Örneğin; Olay tarihinde kolluk tarafından sanığın aracında yapılan aramada bagaj kısmında poşet içerisindeki 720 paket kaçak ve bandrolsüz sigara ele geçirildiği olayda; dosya kapsamına göre sanık ve kaçak eşya konusunda mahkemece verilmiş bir arama kararı olmadığı gibi gecikmesinde sakınca olduğu gerekçesiyle Cumhuriyet Savcısı tarafından da verilmiş bir yazılı arama kararının da bulunmadığı görülmüştür.

Bu durumda yapılan aramanın usul ve yasaya aykırı olduğu ve ele geçen delillerin de hukuka aykırı delil niteliğinde bulunduğu, bu durumun Anayasamızın 38/6 maddesi ile 5271 sayılı Ceza Muhakemesi Kanunu’nun 206/2-a, 217/2, 230/1.maddelerine göre değerlendirilmesi gerekeceği, hiç bir aşamada suçlamayı kabullenmemiş olan sanık hakkında hukuka aykırı şekilde elde edilen ve kaçak olduğu anlaşılan eşyanın hükme esas alınamayacağı gözetilerek beraatına karar verilmesi gerekecektir. Bu durumda sanığın mahkûmiyetine karar verilmesi hukuka aykırı olacaktır.[20]
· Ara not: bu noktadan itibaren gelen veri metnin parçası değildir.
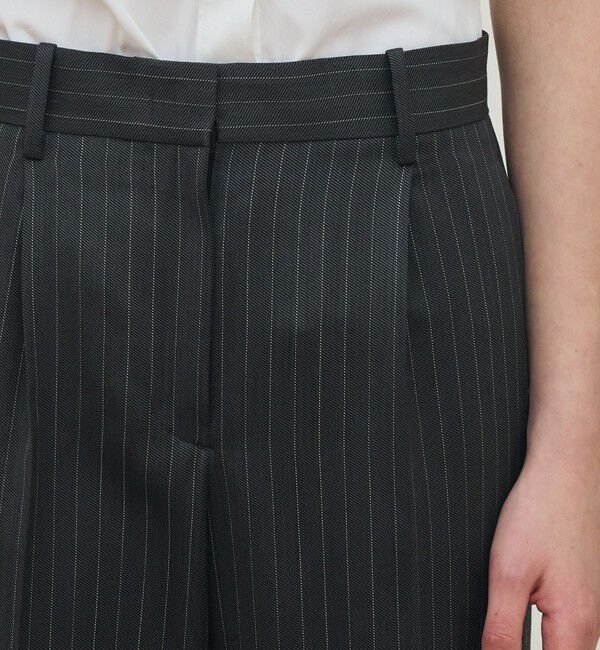 DES PRES「ウールドスキン ワンタックパンツ」|スラックス|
Örneğin; sanığa ait iş yerinde kaçak sigara satıldığına dair ihbar gelmesi üzerine kolluk görevlilerince iş yerindeki masanın üstünde bulunan iki adet poşet içerisinden gümrük kaçağı sigaraların ele geçirildiği olayda; usulüne uygun bir arama kararı olmadığı, gecikmesinde sakınca olduğu gerekçesiyle Cumhuriyet savcısı tarafından da verilmiş bir yazılı arama izni ya da Cumhuriyet savcısına ulaşılamaması nedeniyle kolluk amirince verilmiş yazılı arama emrinin de bulunmadığı gözetilerek yapılan işlemin hukuka aykırı olduğuna karar verilmiştir.[21]
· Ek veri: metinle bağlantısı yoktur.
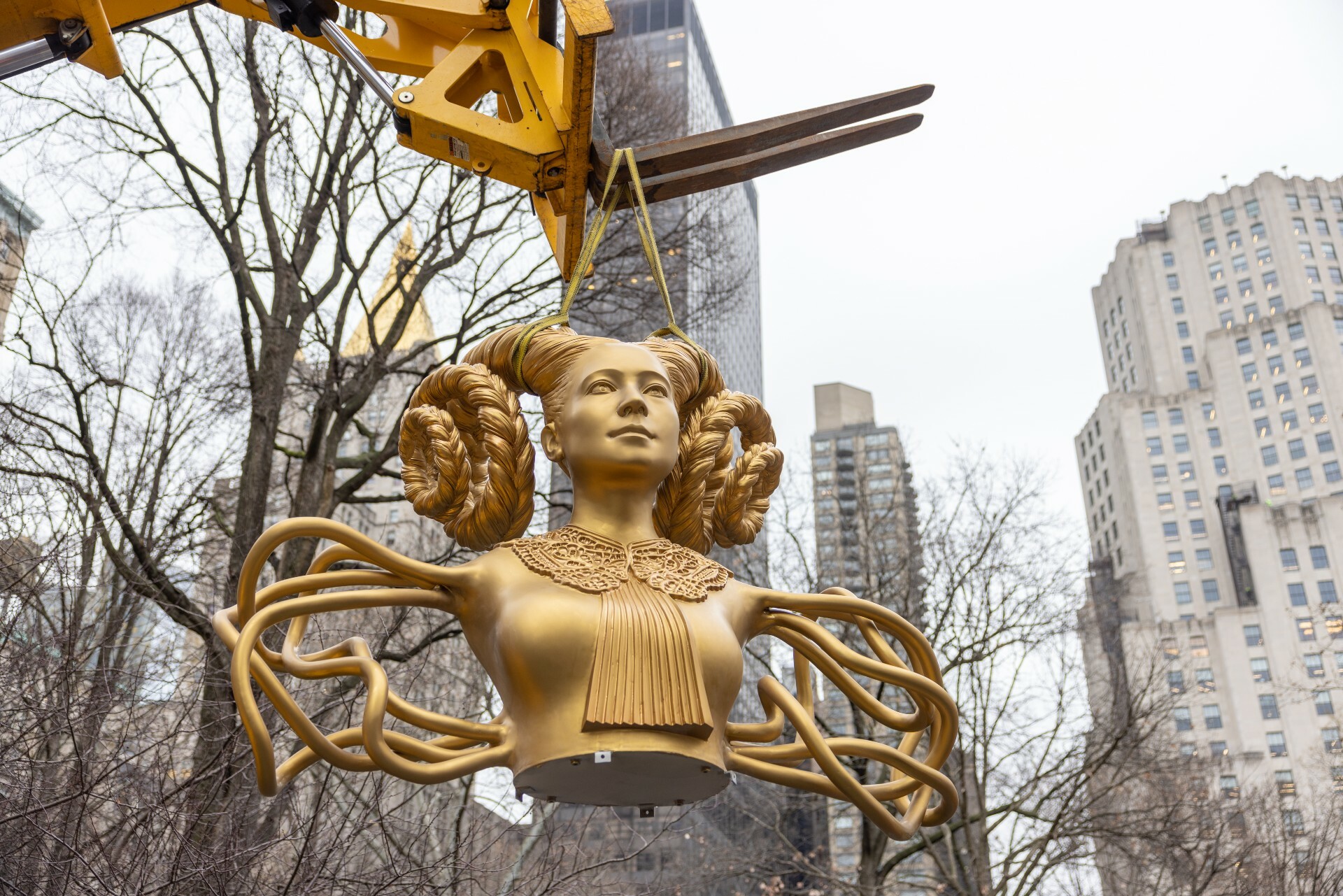 The installation of Shahzia Sikander's "Witness."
Katılanın sanık ile yaptığı görüşmeyi tanığa dinletmesi

Bu örnek olayda; katılanın sanık tarafından kendisine yönelik gerçekleştirildiğini iddia ettiği hakaret içerikli haksız saldırıyı ispatlamak amacıyla, sanık ile olan telefon görüşmesini tanığa dinletmesi hukuka uygun elde edilmiş delil olarak kabul edilmektedir. Burada tanığın beyanının hukuka aykırı delil olarak değerlendirilerek beraat kararı verilmesi hukuka aykırı olacaktır.[22]

Suçüstü halinde yapılan arama işlemleri ile ele geçirilen kanıtlar

Yargıtay, suçüstü halinde arama kararına ihtiyaç olmadığını ve bu şekilde yapılan arama işlemlerinin hukuka uygun olduğunu ifade etmektedir.

Örneğin; suçüstü halinde kolluk görevlilerinin 525 paket gümrük kaçağı sigarayı ele geçirip el koyması hukuka uygun olacaktır. Bu durumda ayrıca arama kararı alınmasına gerek olmadığından hukuka aykırı delilden söz edilemeyecektir.[23]

Gizli kamera ile elde edilen ses ve görüntü kayıtları

Yargıtay genel olarak yasayla düzenlenen usul ve esaslara uyulmadan gizli kamera ile elde edilen ses ve görüntü kayıtlarının hukuka aykırı delil niteliği taşıdığını bazı kararlarında ifade etmektedir.

Sanığın yetkili makamlara başvurma imkânı olduğu halde başvurmayarak bizzat elde ettiği kamera kayıtlarının ani gelişen ve bir daha elde edilme imkânı bulunmayan kanıt niteliğinde sayılamayacağı olaylarda kullanılması halinde hukuka aykırı delil olarak kabul edilmesi söz konusu olacaktır.[24]

Sonuç

Ceza yargılamasında görev gereği araştırma ilkesi ve vicdani delil sistemi geçerlidir. Ceza yargılaması maddi gerçeğe ulaşmak amacıyla gerçekleştirilmektedir. Bununla birlikte maddi gerçeğin, hukuka uygun elde edilen her türlü delille ispatlanabileceği kuralına mutlaka uyulmalıdır.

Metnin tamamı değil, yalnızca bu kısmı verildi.